Task to carry out >>
Omitting all images, transcribe the listing word for word.

Provided data >>
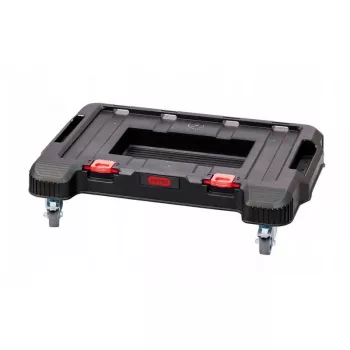 KETER DIY Stack'N'Roll ratiņi 56,5x38,8x12cm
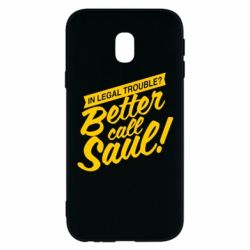 Чохол для Samsung J3 2017 Better call Saul! - PrintSalon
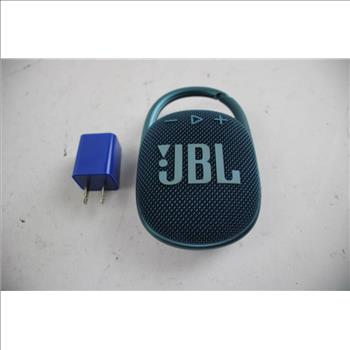 JBL Clip 4 Speaker, Blue
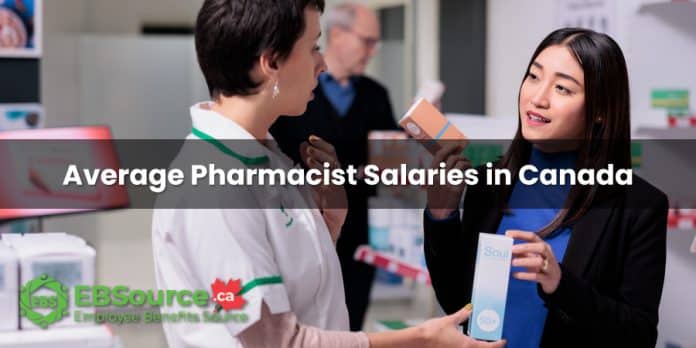 Average Pharmacist Salaries in Canada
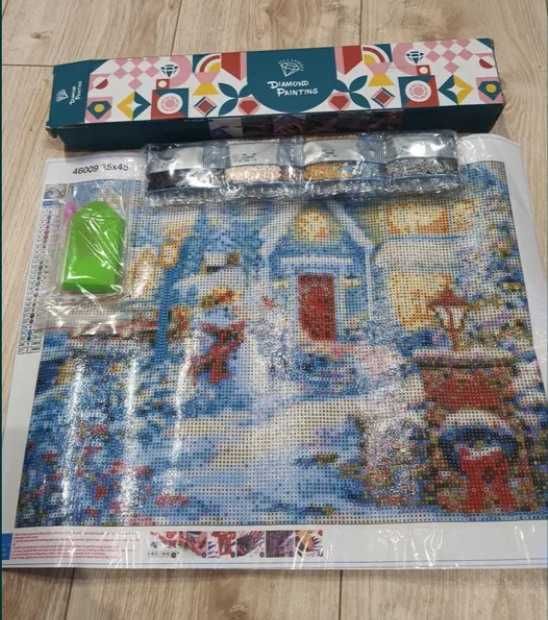 FUUMUUI Направи си сам диамантена картина 5D 35 x 45см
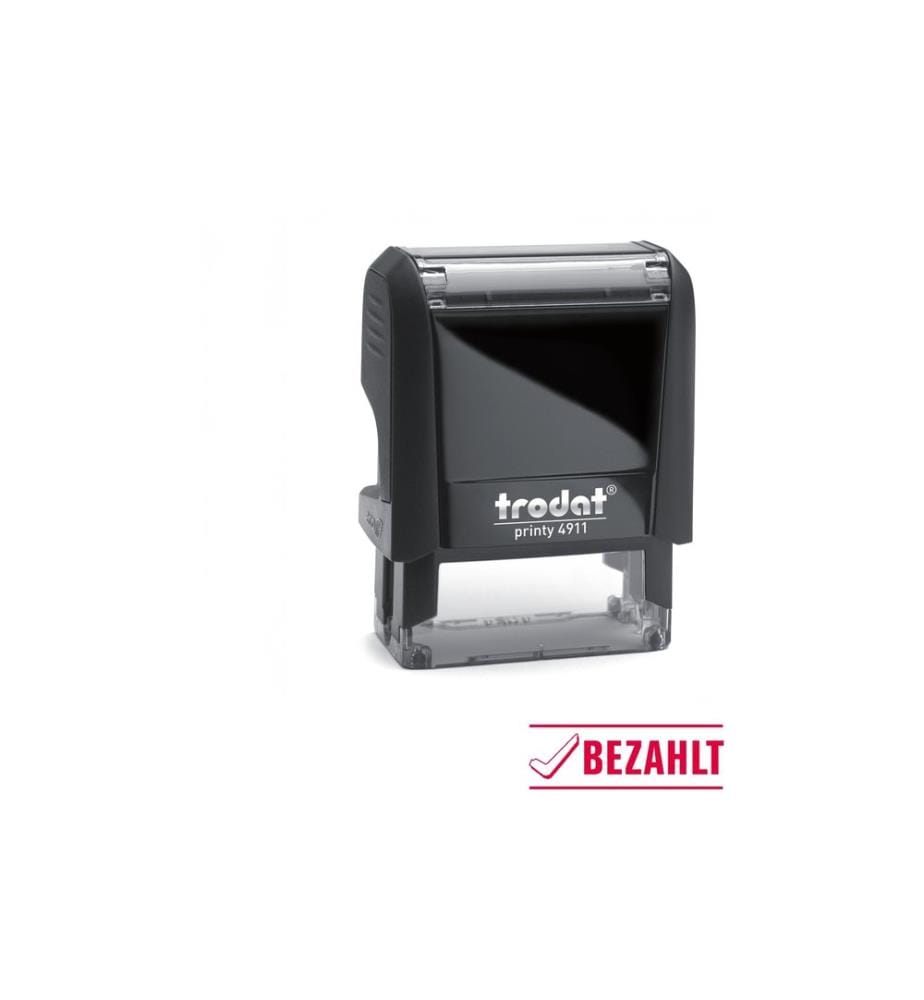 Trodat - Stempel 4911 «Bezahlt»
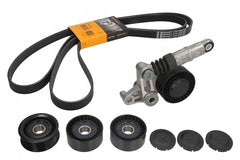 Multi RIB Belt Kit 6PK2490K1 Compatible With AUDI A8 D3 (4E2, 4E8) | A8 / S8 | A8L, Q7 (4LB) (CONTINENTAL)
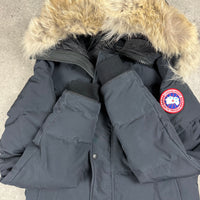 CANADA GOOSE CARSON PARKA NAVY - (M)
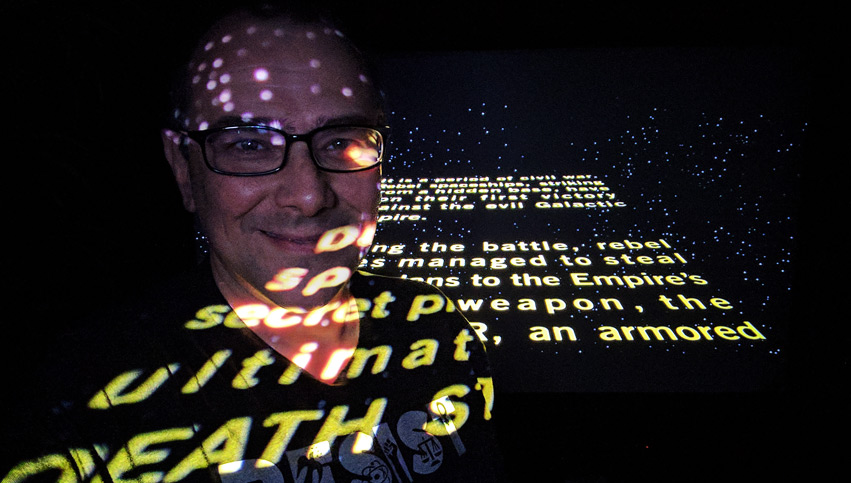 Bill Hunt, Star Wars fan since 1977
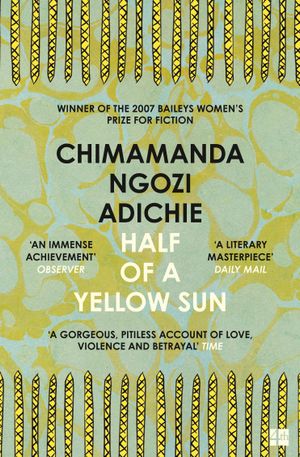 Book cover of Half of a Yellow Sun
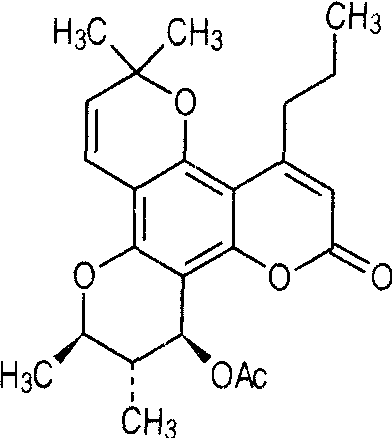 12-乙酰氧基綿毛胡桐內(nèi)酯A<sup>*</sup>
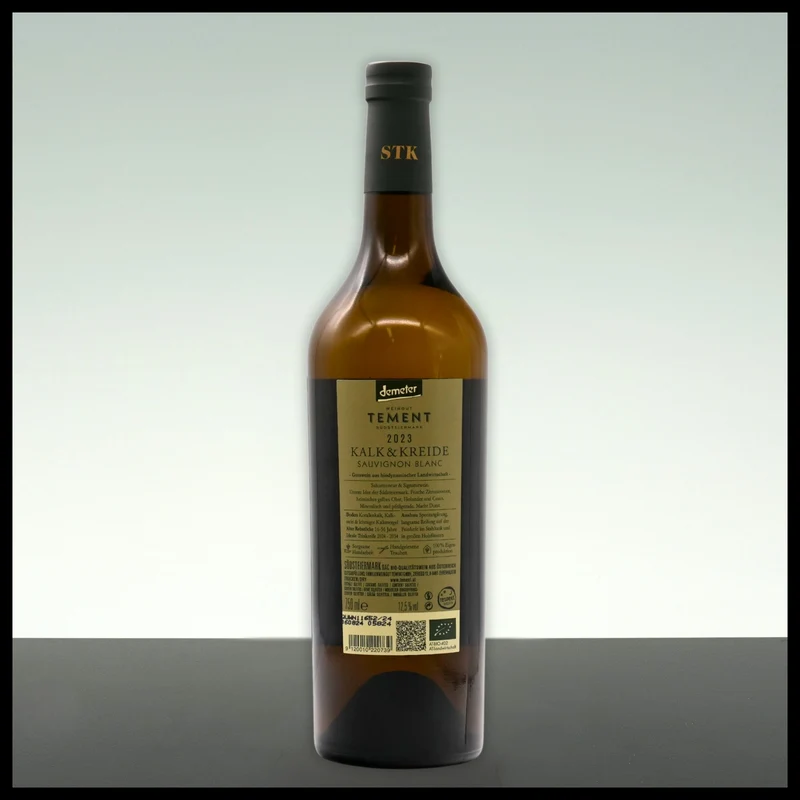 Tement Sauvignon Blanc Südsteiermark DAC "Kalk und Kreide" 0,75L - 12,5% Vol.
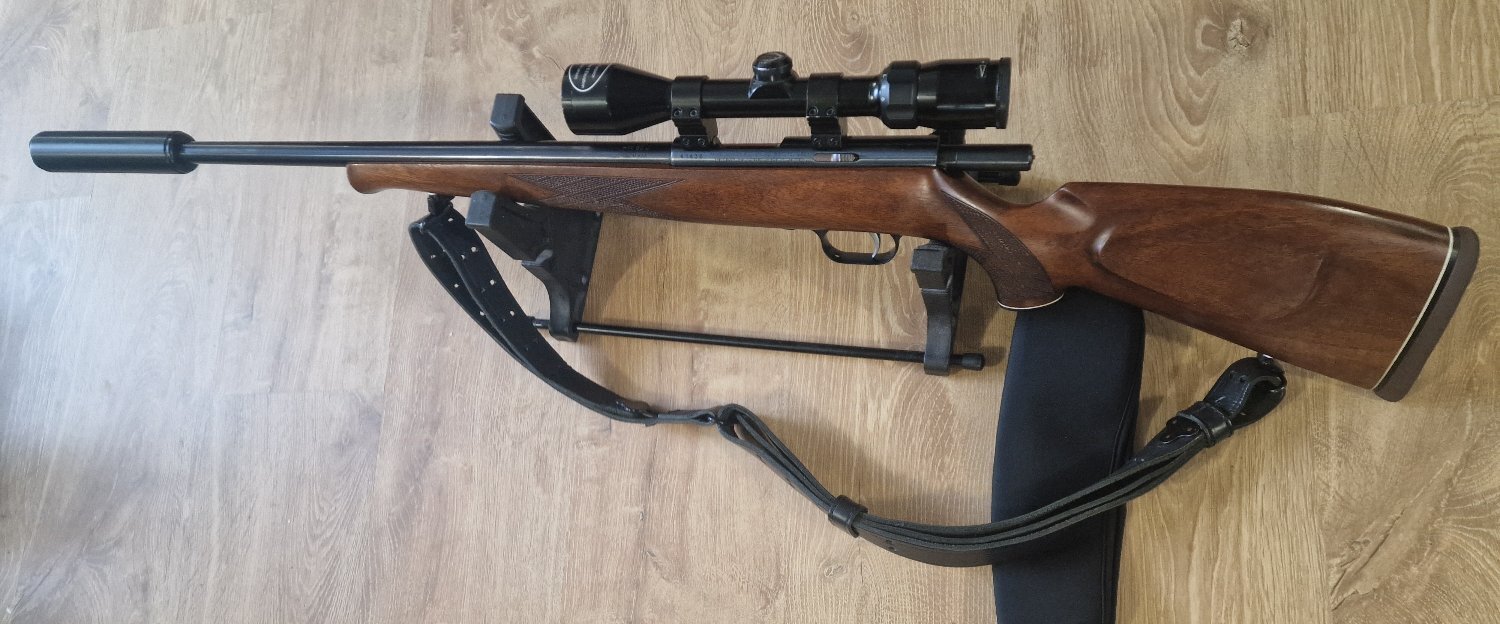 {CATEGORY} - Weihrauch Weihrauch Bolt Action .17 Rifle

Response to this exercise >>
 KETER DIY Stack'N'Roll ratiņi 56,5x38,8x12cm
 Чохол для Samsung J3 2017 Better call Saul! - PrintSalon
 JBL Clip 4 Speaker, Blue
 Average Pharmacist Salaries in Canada
 FUUMUUI Направи си сам диамантена картина 5D 35 x 45см
 Trodat - Stempel 4911 «Bezahlt»
 Multi RIB Belt Kit 6PK2490K1 Compatible With AUDI A8 D3 (4E2, 4E8) | A8 / S8 | A8L, Q7 (4LB) (CONTINENTAL)
 CANADA GOOSE CARSON PARKA NAVY - (M)
 Bill Hunt, Star Wars fan since 1977
 Book cover of Half of a Yellow Sun
 12-乙酰氧基綿毛胡桐內(nèi)酯A<sup>*</sup>
 Tement Sauvignon Blanc Südsteiermark DAC "Kalk und Kreide" 0,75L - 12,5% Vol.
 {CATEGORY} - Weihrauch Weihrauch Bolt Action .17 Rifle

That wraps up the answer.